As more and more companies take advantage of data for their decision-making, there is a lot to comb through in data platforms that some business owners may feel lost in. A business owner may feel lost in a soup of terms from data silos to data lakes and machine learning to cloud environments. While it’s best to hire a data management team to look into analytics and data architecture for you, it never hurts to understand what data can do. Let’s look at what makes up two of these terms: data fabric and data virtualization.
What is data fabric?
Data fabric is an end-to-end data integration and management solution that consists of architecture and integration software, allowing organizations to share data through their networks safely and efficiently. A data fabric provides a consistent user experience and access in real-time, helping solve complex data problems and use cases by funneling through mountains of big data to create insights to move a company forward steadily throughout all of its business units.
Any data-centric organization will face initial hurdles in developing business intelligence due to the volume of data they are dealing with or the data quality and formatting present in this mountain of information. Data fabric provides a secure, future-proof solution for advanced analytics. Traditional data integration no longer meets the demands of real-time connectivity and automated processes.
Companies struggle to process and curate diverse data to view their customer bases and their production comprehensively. Data fabric allows businesses of any size to harness the power of cloud computing, letting business users modernize systems to enhance business value and eliminate constraints.

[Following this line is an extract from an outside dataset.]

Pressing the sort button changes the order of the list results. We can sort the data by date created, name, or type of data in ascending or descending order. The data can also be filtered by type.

What is data virtualization?
Data virtualization is often intertwined with data fabric, so it’s important to understand data fabric vs. data virtualization. Virtualization lets data scientists abstraction layer that is relied upon to integrate data assets quickly, allowing data management teams to gather and transform this data product from different sources to garner real-time insights. These data sources can be connected to either on-premises or cloud services. Meantime, data fabric refers to an overarching management architecture used for broader use cases like customer intelligence.
Data analysts recommend using data virtualization as one tool to contribute to data fabric architecture. Data virtualization software provides a modern data layer that enables users to access, combine, and deliver datasets at a breakthrough speed and in a cost-effective fashion. This technology can be grown in a self-serve data infrastructure platform, combining traditional databases with cloud systems. These data science platforms help companies with their overhead costs, as these cloud-based systems operate at a fraction of the cost of a physical data warehouse.

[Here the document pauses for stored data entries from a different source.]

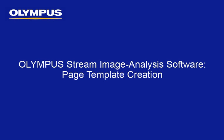This tutorial is one of many instructional videos presented by the Olympus Industrial Equipment Group. This tutorial video will provide you with detailed instructions on generating page templates within the Olympus Stream image analysis software.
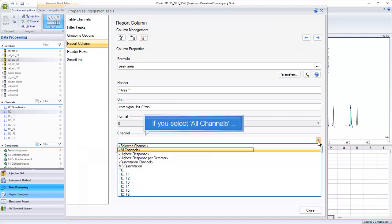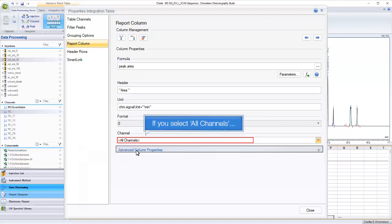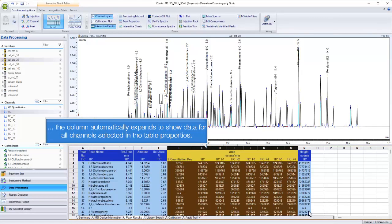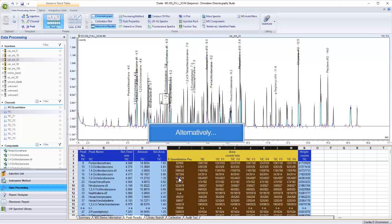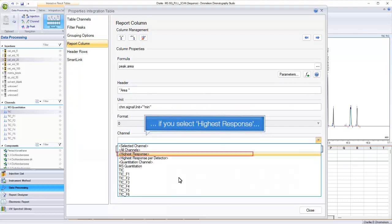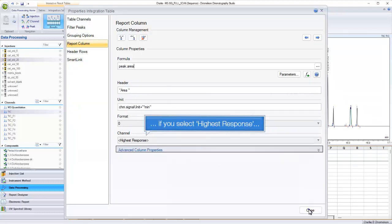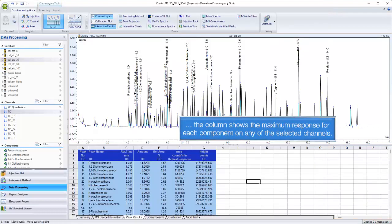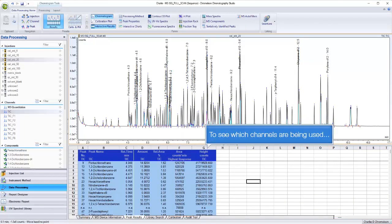If you select all channels, the column automatically expands to show data for all channels selected in the table properties. Alternatively, if you select highest response, the column shows the maximum response for each component on any of the selected channels.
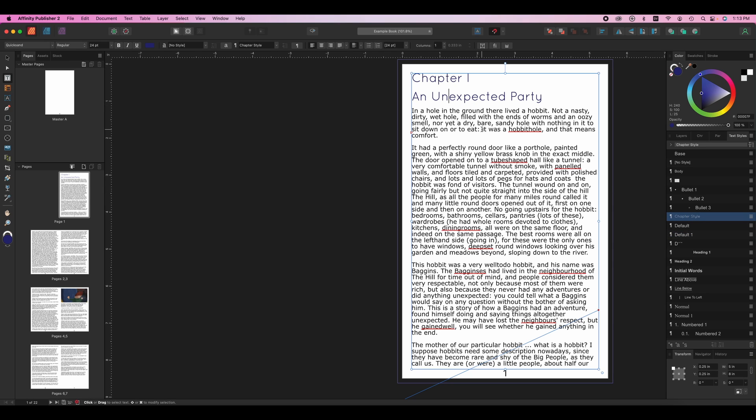So what we've gone over right now are the absolute most important things. We've learned how to place text and images. We've learned what master pages are and we've learned how to do styles. Those things are absolutely critical to understanding Affinity Publisher.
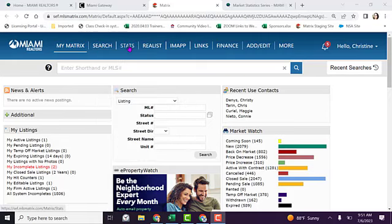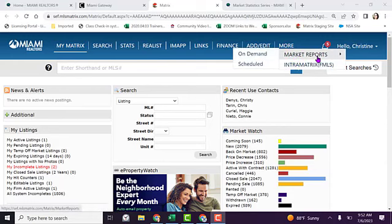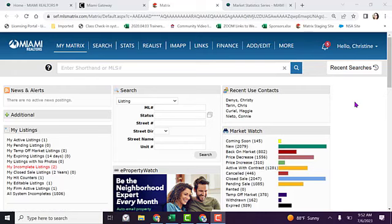You can use the section that says stats. You also have an additional option called market reports, and when you print there are additional statistics that you can pull and more.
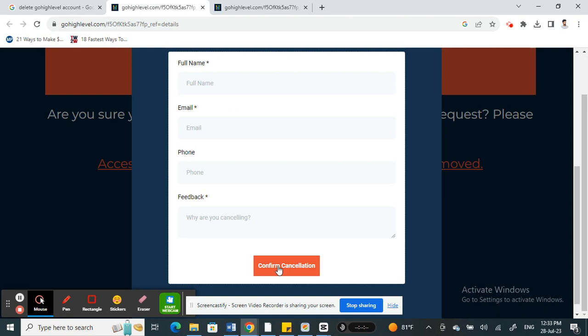Once you've made the cancellation request, a team member from GoHighLevel will get in touch with you to confirm your cancellation. Once that's done, your account will be cancelled.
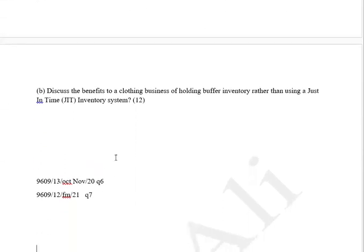One question is from question number six of October/November 2020, this variant, and FM21 question number seven. Hopefully this will help. This is the end of this session.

Implementing Data Fabric Architecture
Data fabric begins with online transaction processing, which lists detailed information about every transaction in a single place for shared use. This information is then inserted, updated, and uploaded to a database. The data is structured, cleaned, and stored within a data hub for future use. A company can derive multiple insights from raw, unstructured data to help organizations leverage massive amounts of data into a method that works for product development, market research, and even corporate expansion.
Data fabric architecture includes developing apps and user interfaces that allow for customer interaction and transparency with a company. Creating this ecosystem for data better caters to customer needs and lets a data management team better grasp the use of data. A properly structured data fabric collects from all sources safely and securely but makes sure that data sharing is accessible at any scale. This software-defined infrastructure at data storage and access points allows for insights in real-time, getting ahead of the competition.